More about that relativ

Paul W. Cockshott cockshpw at
Thu Oct 6 07:41:26 MDT 1994

On Wed, 5 Oct 1994, OTTO IMKEN wrote:

> > > Angela Davis is an academic who
> > > studied with Herbert Marcuse, I think.
>> I got the impression that she was victimised as a black political
>> activist at a time when the militancy of black working class groups
>> was high. It was the Panthers rather than academics that posed a
>> threat.
> This is a very simplistic way to look at things, academics vs.
> activists: Angela Davis' influence was and is so great precisely
> because she has a brilliant grasp of Marcuse and German Critical
> Philosophy AND she was a black panther, one of the core people who
> kept the LA panthers moving in a positively subversive direction when
> they could have splintered uselessly at any moment, and her academic
> training had no small part in her ability to keep that particular
> micropolitical movement focused.

I am not in any way intending to denigrate those academics like
Angela Davis who have integrated themselves with the working class
movement, only to attack the complacency of those who think that by
remaining within the confines of the university they can play a
subversive role.

>     Please desist from separating academics from people who pose a
> real threat, because by doing so, you show yourself as an "academic"
> through and through, and are therefore harmless and useless for
> furthuring any REAL, future subversion. (Sorry for jumping in in the
> middle of your dialogue, but that really bothered me.)
A person's views on this are likely to be influenced by experience.
My vehemence on the subject comes from experience of mass working class
struggles in Scotland over the late 80s and early 90s. I was one of the
founders of the Anti-Poll Tax Union there. This was the most successful
civil disobedience campaign in British history, and in Glasgow, the
city where I was mainly active, we ended up with over 50% of the
population refusing to pay tax, with working class estates becoming
no-go areas for sheriff officers intent of poinding peoples furniture,
and when the campaign spread to England it culminated in the Poll Tax
Riots that were a key factor in bringin Thatcher down.

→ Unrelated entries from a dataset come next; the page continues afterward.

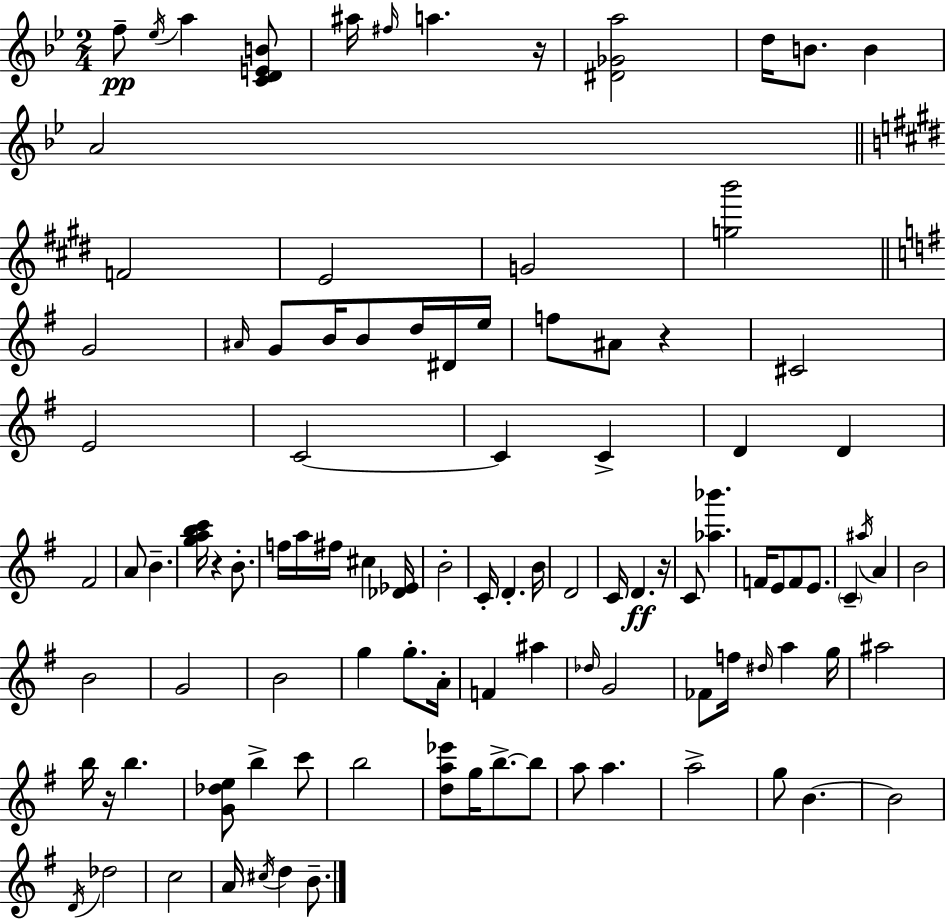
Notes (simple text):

F5/e Eb5/s A5/q [C4,D4,E4,B4]/e A#5/s F#5/s A5/q. R/s [D#4,Gb4,A5]/h D5/s B4/e. B4/q A4/h F4/h E4/h G4/h [G5,B6]/h G4/h A#4/s G4/e B4/s B4/e D5/s D#4/s E5/s F5/e A#4/e R/q C#4/h E4/h C4/h C4/q C4/q D4/q D4/q F#4/h A4/e B4/q. [G5,A5,B5,C6]/s R/q B4/e. F5/s A5/s F#5/s C#5/q [Db4,Eb4]/s B4/h C4/s D4/q. B4/s D4/h C4/s D4/q. R/s C4/e [Ab5,Bb6]/q. F4/s E4/e F4/e E4/e. C4/q A#5/s A4/q B4/h B4/h G4/h B4/h G5/q G5/e. A4/s F4/q A#5/q Db5/s G4/h FES4/e F5/s D#5/s A5/q G5/s A#5/h B5/s R/s B5/q. [G4,Db5,E5]/e B5/q C6/e B5/h [D5,A5,Eb6]/e G5/s B5/e. B5/e A5/e A5/q. A5/h G5/e B4/q. B4/h D4/s Db5/h C5/h A4/s C#5/s D5/q B4/e. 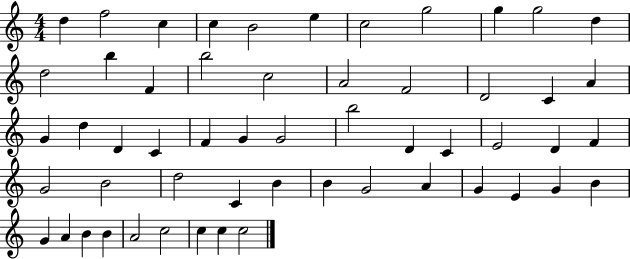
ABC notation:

X:1
T:Untitled
M:4/4
L:1/4
K:C
d f2 c c B2 e c2 g2 g g2 d d2 b F b2 c2 A2 F2 D2 C A G d D C F G G2 b2 D C E2 D F G2 B2 d2 C B B G2 A G E G B G A B B A2 c2 c c c2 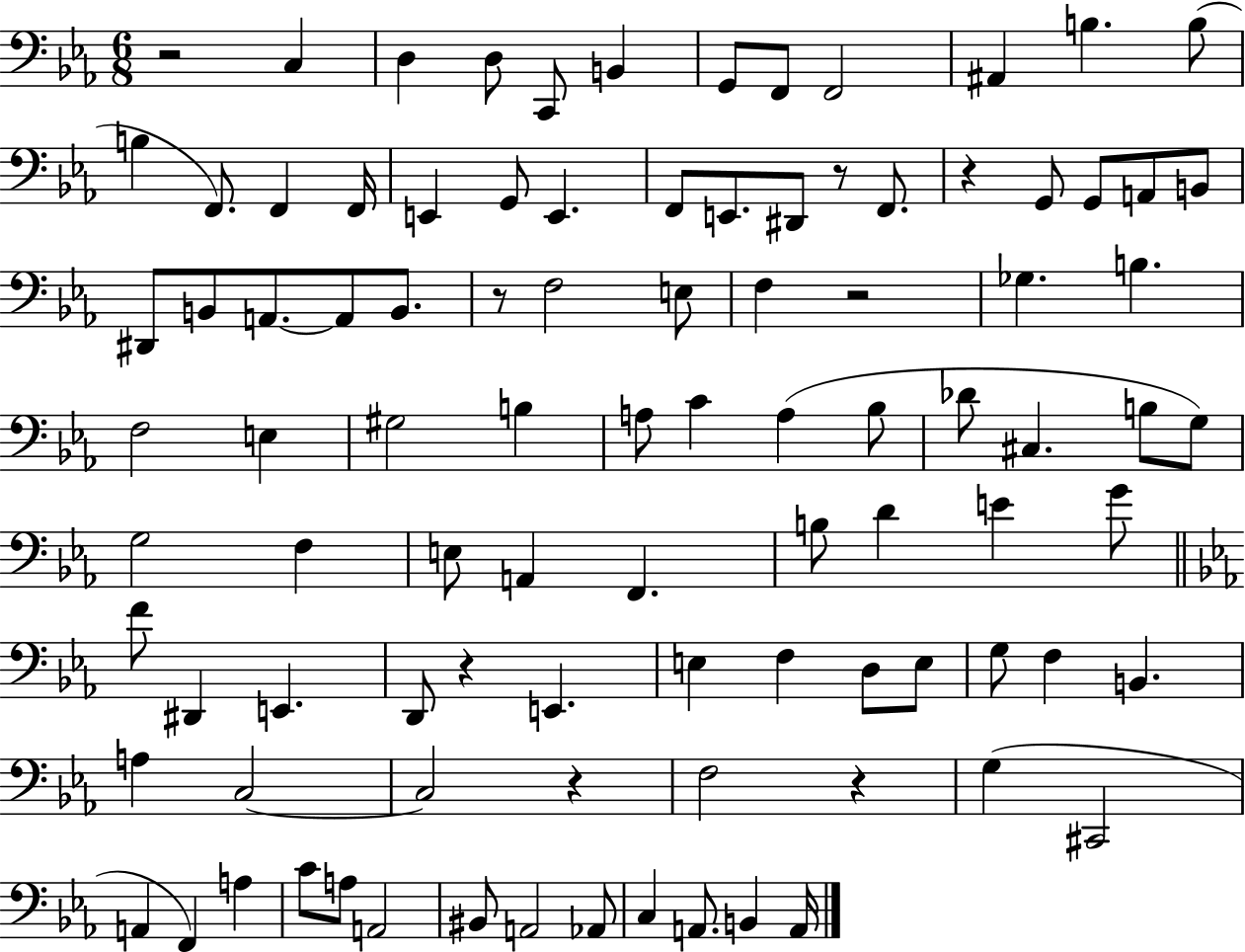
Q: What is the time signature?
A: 6/8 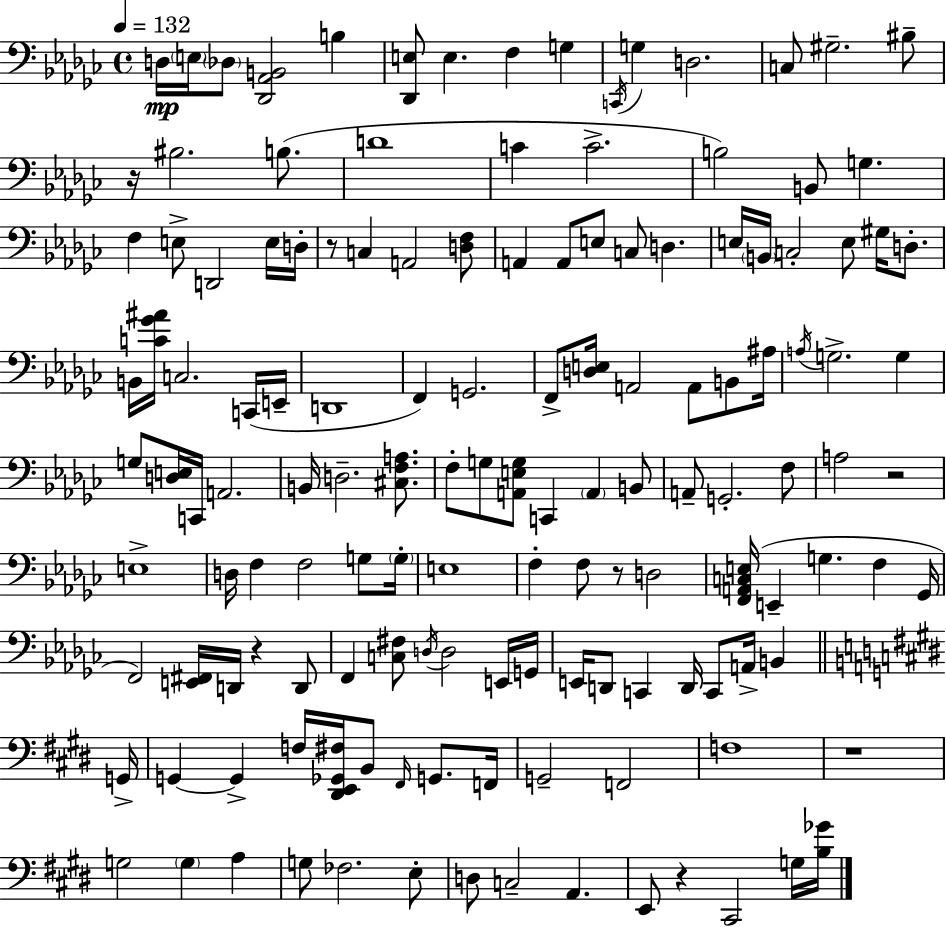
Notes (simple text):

D3/s E3/s Db3/e [Db2,Ab2,B2]/h B3/q [Db2,E3]/e E3/q. F3/q G3/q C2/s G3/q D3/h. C3/e G#3/h. BIS3/e R/s BIS3/h. B3/e. D4/w C4/q C4/h. B3/h B2/e G3/q. F3/q E3/e D2/h E3/s D3/s R/e C3/q A2/h [D3,F3]/e A2/q A2/e E3/e C3/e D3/q. E3/s B2/s C3/h E3/e G#3/s D3/e. B2/s [C4,Gb4,A#4]/s C3/h. C2/s E2/s D2/w F2/q G2/h. F2/e [D3,E3]/s A2/h A2/e B2/e A#3/s A3/s G3/h. G3/q G3/e [D3,E3]/s C2/s A2/h. B2/s D3/h. [C#3,F3,A3]/e. F3/e G3/e [A2,E3,G3]/e C2/q A2/q B2/e A2/e G2/h. F3/e A3/h R/h E3/w D3/s F3/q F3/h G3/e G3/s E3/w F3/q F3/e R/e D3/h [F2,A2,C3,E3]/s E2/q G3/q. F3/q Gb2/s F2/h [E2,F#2]/s D2/s R/q D2/e F2/q [C3,F#3]/e D3/s D3/h E2/s G2/s E2/s D2/e C2/q D2/s C2/e A2/s B2/q G2/s G2/q G2/q F3/s [D#2,E2,Gb2,F#3]/s B2/e F#2/s G2/e. F2/s G2/h F2/h F3/w R/w G3/h G3/q A3/q G3/e FES3/h. E3/e D3/e C3/h A2/q. E2/e R/q C#2/h G3/s [B3,Gb4]/s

What I learned from these struggles is that it is the poor and dispossesed
that are radical. Those in a comfortable situation either hold themselves
aloof or participate in a lukewarm fashion. Going round and campaigning
on the streets in dozens of areas of the country convinced me that
the more proletarian the area the greater the support for direct action.

During this campaign, which had massive working class participation, the
overwhelming majority of academics went ahead and paid their taxes. Almost
none of them became involved in the mass struggle. As far as I could make
out, in Strathclyde, an industrial district with a population of 2.5 million
only 2 members of University staff played an activist role in the campaign.
When it came to organising to defend people who were threatened with
seizures of the property by the sheriffs, or taking over the tax offices
where were the academics?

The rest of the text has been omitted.